They met when they both undertook a CSIRO course on aimed at taking ideas from the laboratory and making them into a practical project. They worked together on a project to create a sustainable agriculture business in an aboriginal community. Through this project they realised that the worked well together.
Kate had previously taken inspiration from the hearing system of a New Zealand insect called a Wetta. She had an idea to develop an improved hearing system for profoundly deaf people. She left CSIRO to try out her idea. Liz decided to join her and start up their company, Hemideina.
The current treatment for deaf people consists of an external receiver placed on the side of the head and a device implanted into the cochlea.

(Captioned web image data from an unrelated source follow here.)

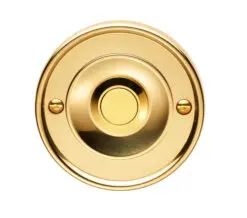 Round Bell Push, Polished Brass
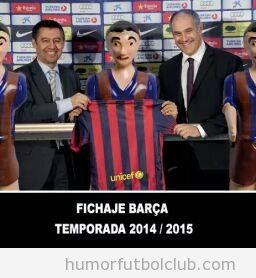 Meme gracioso,el Barça ficha a un muñeco de futbolín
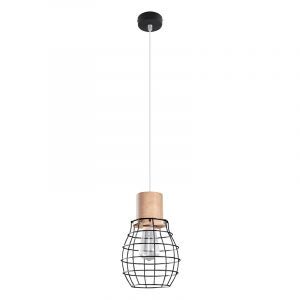 Landelijke hanglamp Gerbrich, zwart, hout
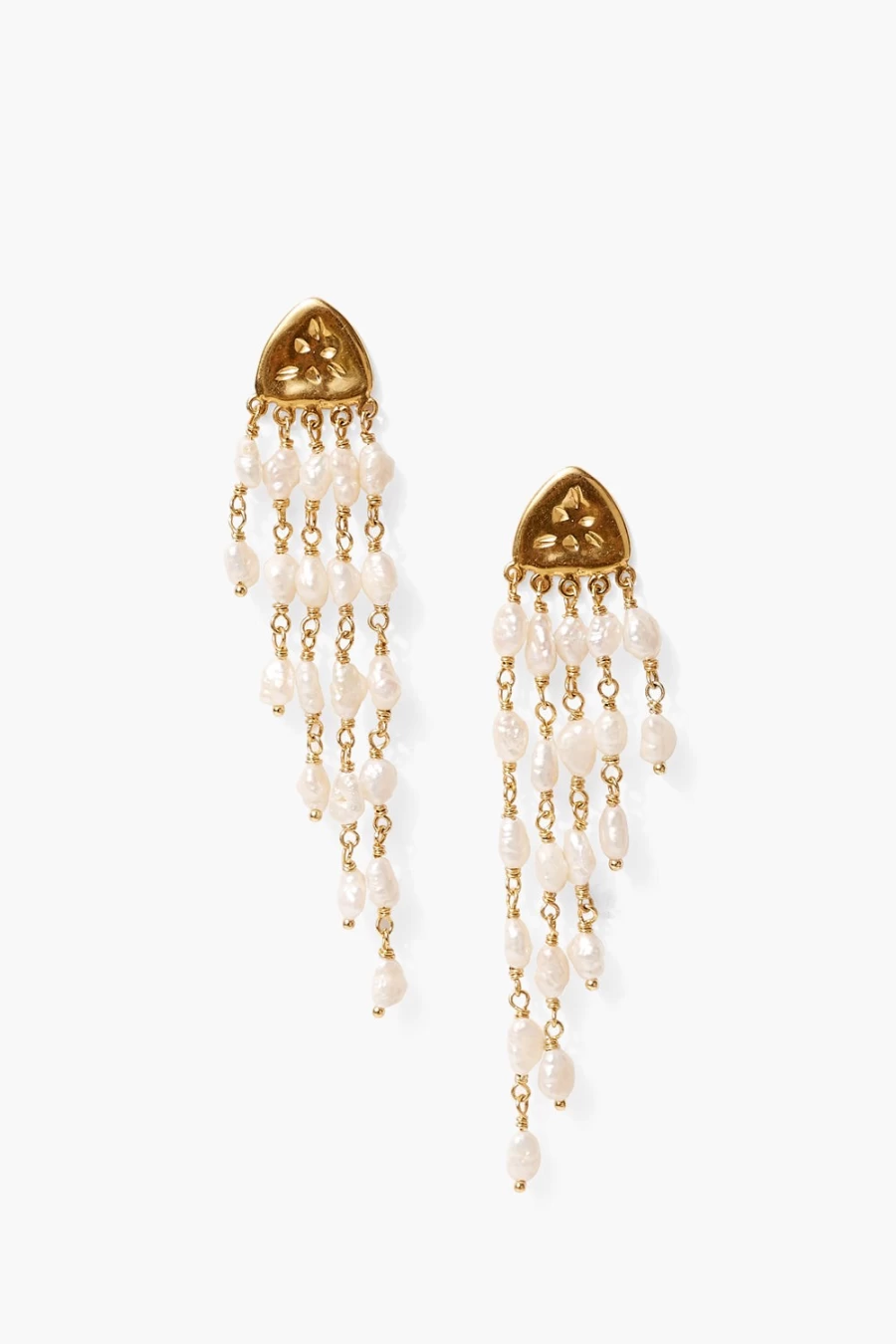 Chan Luu Women's Bolide Earrings with White Pearl - Elegant Pearl Jewelry for Women
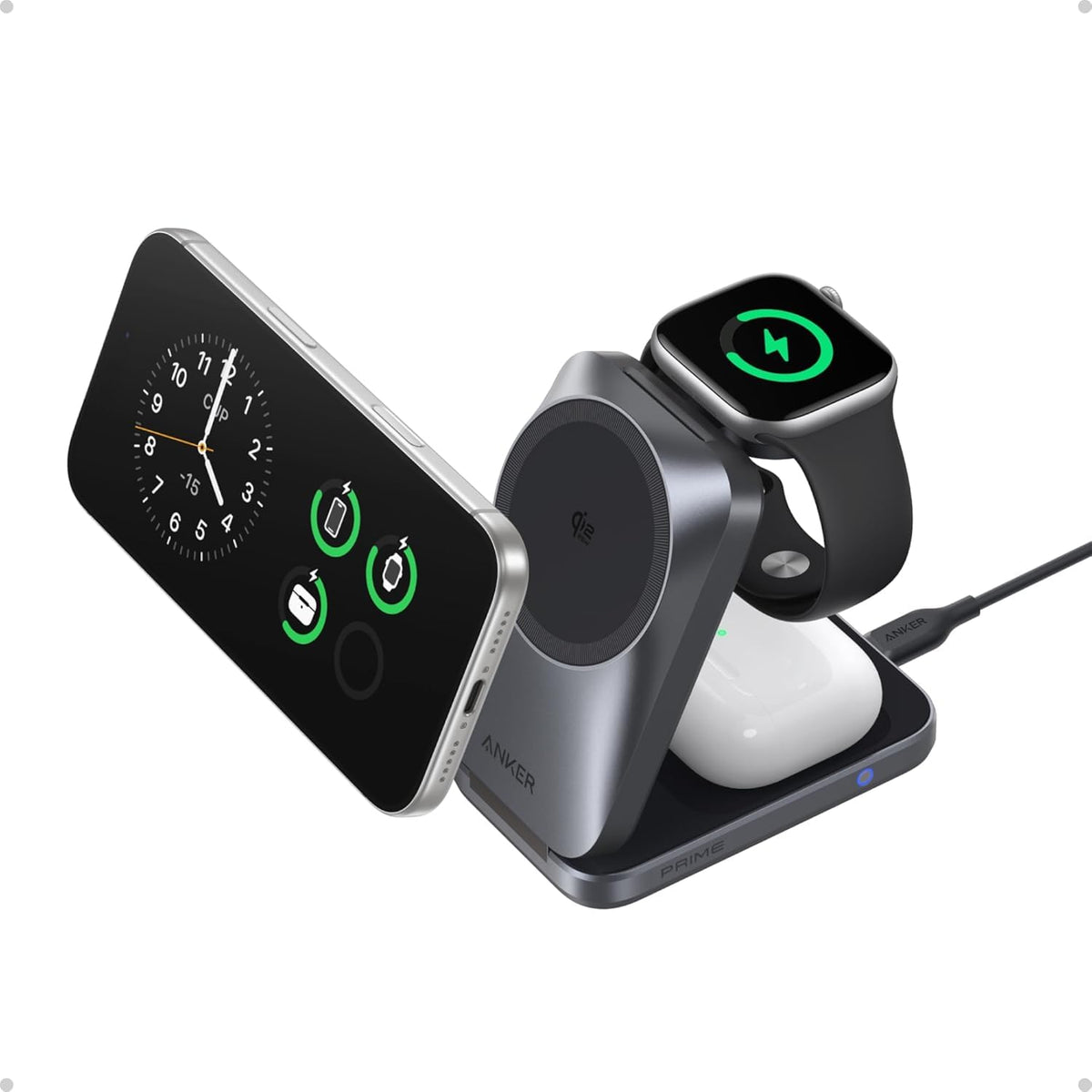 Anker Prime 3-in-1 Charging Station, 25W Qi2.2 Foldable Charger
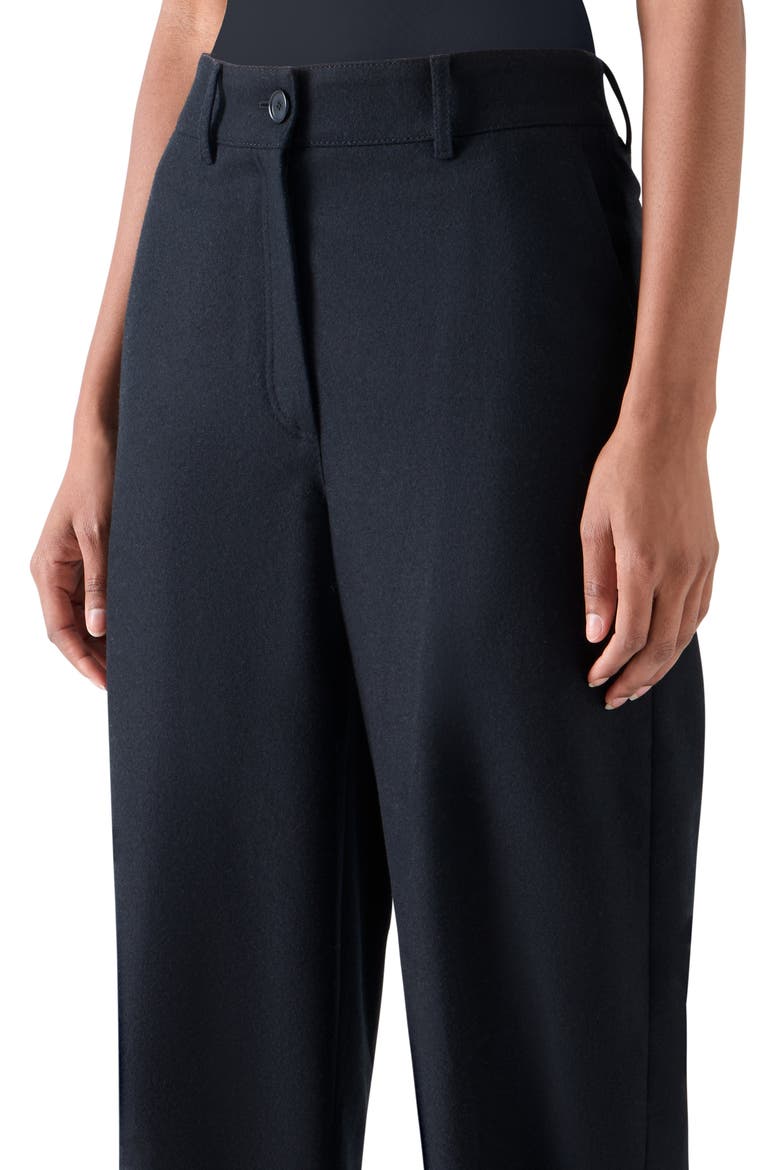 Fraser High Waist Virgin Wool Blend Gabardine Barrel Leg Pants, Alternate, color, BLACK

The external device restricts activities such as bathing, swimming, sleeping and playing sports with it in place because on the outside of the body.
Hemideina is developing an internalised device about the size of a pill, that fits into the ear canal. This means that the profoundly deaf can do all the activities that a person with normal hearing can do.
Kate and Liz’s current job
Kate is responsible for managing the scientific, technological, and research operations. Hemideina. She sets strategy and performance goals and keeps abreast of regulatory protocols.
Liz oversees the financial, legal and general running of the company. She raises its profile in the business and scientific spheres through networking and fund-raising. She still works at CSIRO as her ‘day job’.
The work with biophysicists, engineers and acoustic specialists to refine their ideas.
Together we solve the problems.
They say that one of the challenges is that there’s no playbook, and there’s no one telling you what to do – all the decisions are on them. They have to work everything out as they go but that, it is challenging but also incredibly fun and rewarding!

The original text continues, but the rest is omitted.